Preparation Time: 1 hour

  • ¾ lb Brussels sprouts, fresh or frozen, halved vertically
  • 4 small red potatoes, cut into chunks
  • ½ cup chopped onion
  • 2 cloves garlic, minced
  • 2 T olive oil
  • ¼ tsp salt
  • 1/8 tsp pepper
  • ½ cup non-fat ricotta or cottage cheese
  • ¼ cup shredded part-skim mozzarella cheese
  • 2 T grated Parmesan cheese
  • 2 T nonfat milk
  • 1 lb boneless chicken breast (four portions)
Preheat oven to 325°F. In a 2 qt baking dish coated w cooking spray, toss Brussels sprouts, potatoes, onion and garlic w 1 T olive oil, salt and pepper. In a small bowl, mix cheese with milk. Coat chicken breasts with remaining olive oil. Nest among vegetables in baking dish. Top with cheese mix. Cover with foil and bake for 40-45 minutes or until chicken is done.
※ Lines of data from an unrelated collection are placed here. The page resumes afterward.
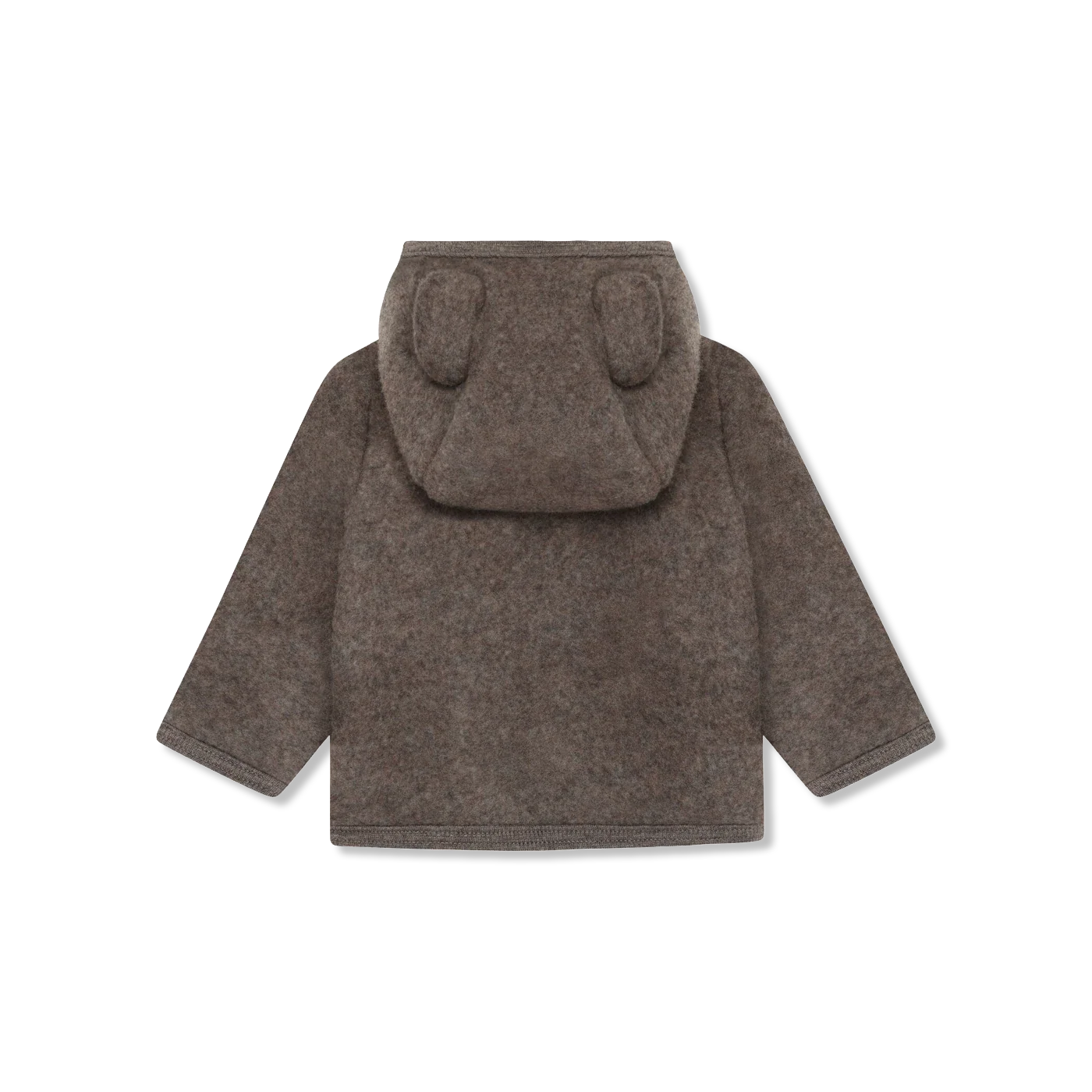 Fleecejacke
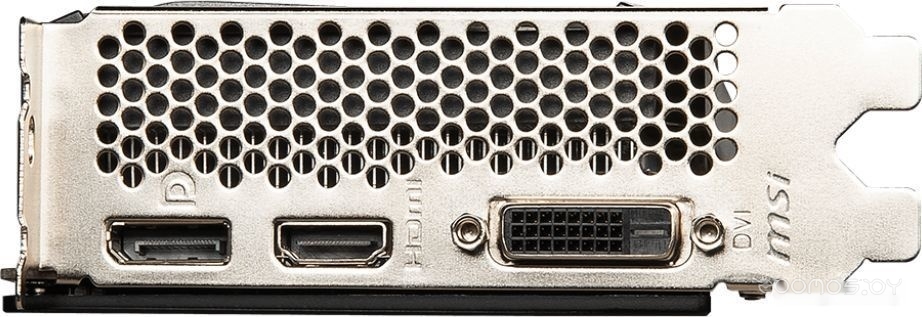 Видеокарта MSI GeForce RTX 3050 Ventus 2X XS 8G OC, фото 2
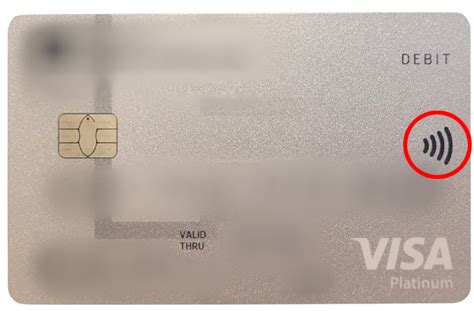 rfid debit card worry|does rfid blocking hurt.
Complete this Healthy Plate: Serve with 8 oz non-fat milk and orange slices.
 
Serves: 4
 
Fruits & Veggies per Serving
2.25 Cups
Nutrition Info
Calories: 400
Total Fat: 12g
Saturated Fat: 3g
% of Calories from Fat: 27%
% Calories from Sat Fat: 7%
Protein: 35g
Carbohydrates: 40g
Cholesterol: 75mg
Dietary Fiber: 6g
Sodium: 370mg
 
Each serving provides: An excellent source of fiber, protein, vitamin C, thiamin, niacin, vitamin B6, folate, potassium, calcium, iron, phosphorus and magnesium, and a good source of vitamin A, riboflavin, pantothenic acid, iron, zinc and copper.

*Retail prices, Boulder, Colorado, and online, Summer 2014.